Plot bunnies are no different than real bunnies.  They feed off the delicate blooms of our imaginations, yet can be nearly impossible to capture. They also multiply at the same rate—which is to say writers typically have far more of them at any given point than they know what to do with—and the babies are especially cute and compelling.

If left unchecked, both plot bunnies and their real life companions can destroy the best-laid plans.

While I haven't quite mastered corraling all my plot bunnies, I've found that treating them the same as my backyard bunnies helps keep my writing on track.

I allow them unlimited access during certain seasons. 

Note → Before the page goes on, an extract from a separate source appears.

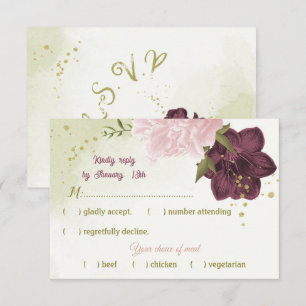 Cabernet rosa Blume grüne Blätter RSVP Karte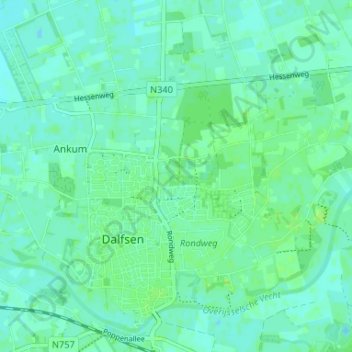 Topografische kaart Gerner, hoogte, reliëf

Seriously, in between projects I allow myself the freedom to explore any idea that pops into my head.  I have dozens of started projects.  These projects run about 1,200 words and capture the essence of my ideas.  I don't consider these failures or unfinished projects.  I consider them practice.  They also become a part of my writing file that I can pick through at other times.  By giving them page space, the plot bunnies settle down and allow me to funnel my attention on my WIPs.

I feed them.

Strange, but true.  I figure if I ever trap and kill off the rabbits in my mind, I'll have nothing left to work with, so I encourage them to multiply as needed.  I always carry a notebook with me.  It's filled with hundreds of mini-outlines, names, places, spaces and character sketches.  Whenever a new thought strikes, I jot it down and play with it.

What I find most often is that the plot bunny isn't fully formed—and likely never will be.  Rather, it is just a shiny, new idea that looks as cute and cuddly as the baby Easter Bunny.  It's exciting for a moment, but once it's placed in the notebook among the other bunnies, it loses some of its appeal.  It's underdeveloped and malnourished.  At least for the time being.

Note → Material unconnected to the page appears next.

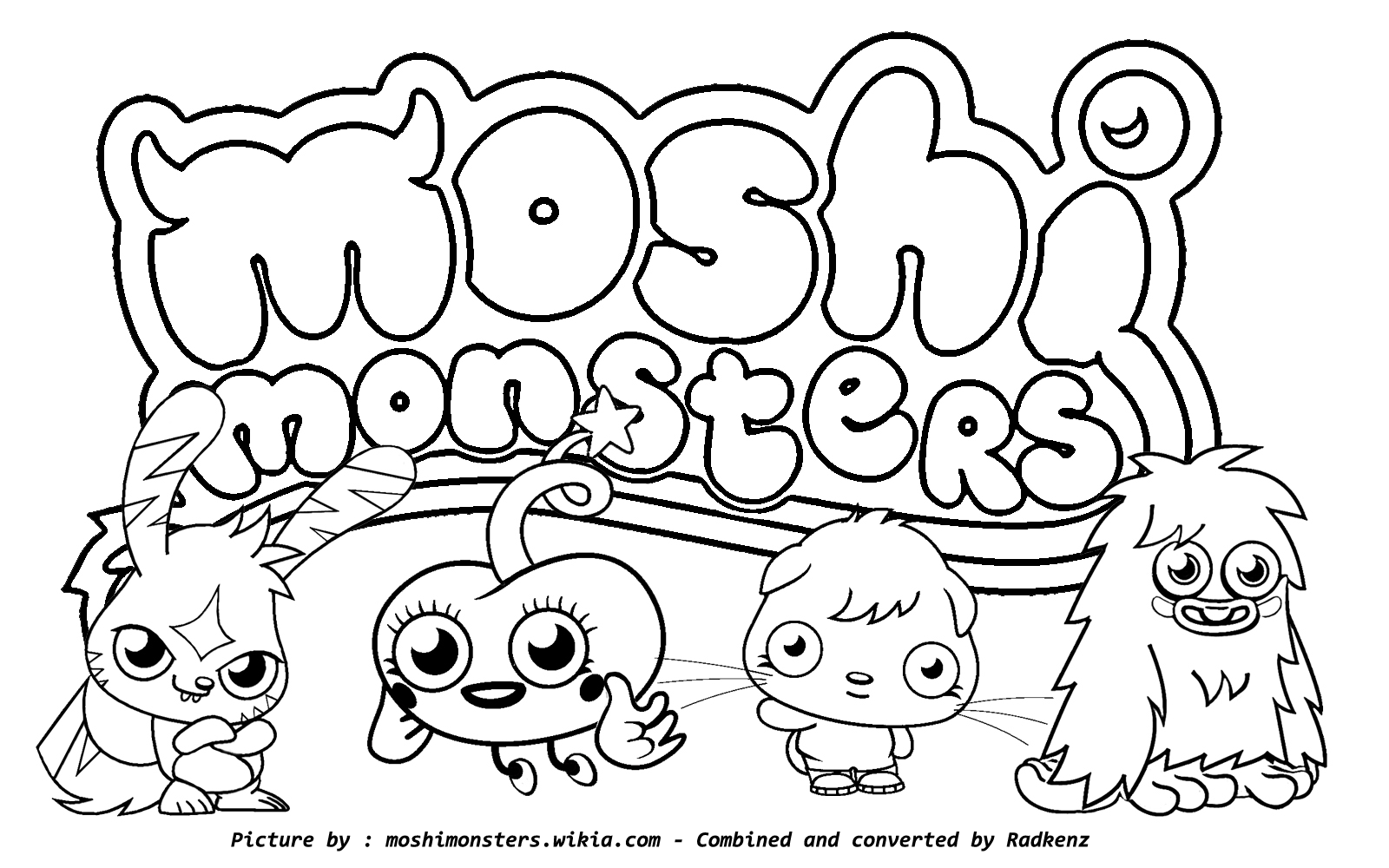 Moshi Monsters Coloring Pages 1600x1000 Moshi Monsters Coloring Pages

Rarely, the idea solidifies.  It gels, either on its own merit or within the context of other ideas.  Eventually, a few bunnies band together and prune back the winter detritus, leaving room for spring's new blooms.  Whenever I see or hear something I think my plot bunnies would like to eat, I add it to the notbeook.  As time goes on, these ideas become new WIPs. 

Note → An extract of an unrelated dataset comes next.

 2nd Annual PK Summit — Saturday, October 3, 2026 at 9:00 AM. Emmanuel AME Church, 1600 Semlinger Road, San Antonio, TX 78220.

And the best part about feeding ideas this way: it takes virtually no time.  Once I pen my plot bunny in ink, I'm freed to think about other things.  Namely my current writing project.

So, the idea behind plot bunnies is to corral them, not eliminate them.  If we embrace our fertile imaginations and provide some boundaries for dealing with new ideas, we will be less tempted to leave our current WIPs whenever a new bunny hops by.

How do you wrangle your plot bunnies into submission?  Do you allow new ideas to take over current projects?  If so, how does that work out?

Curious minds want to know.

This weekend, Cat Woods started spring cleaning her garden.  Thanks to the backyard bunnies, she has more time to spend with her plot bunnies.  You can find her wrangling both rabbits on her blog: Words from the Woods.


Michael Horvath said...

My blog consists mostly of posts of short scenes that could take off into full blown stories. I just leave them as they are and don't look back. If I desire I can always go back.

Cat Woods said...


Great idea. There's something soothing about putting ideas into words and letting them go, freeing time for other things of value.

Like working on that WIP!

Blogging is a great place for releasing those snippets of creativity.

Thanks for commenting!

R.C. Lewis said...

This is fascinating ... because it's something I've yet to face. My ideas come slowly, usually as I'm finishing off one ms. So far it's been a good thing, as far as not distracting me, but I always get to a point of panic that I'll never come up with a decent idea again. :-X

Cat Woods said...

RC, I have a few bunnies you can borrow. I'll pop them in the mail. By the time they arrive on your doorstep, they should have multiplied!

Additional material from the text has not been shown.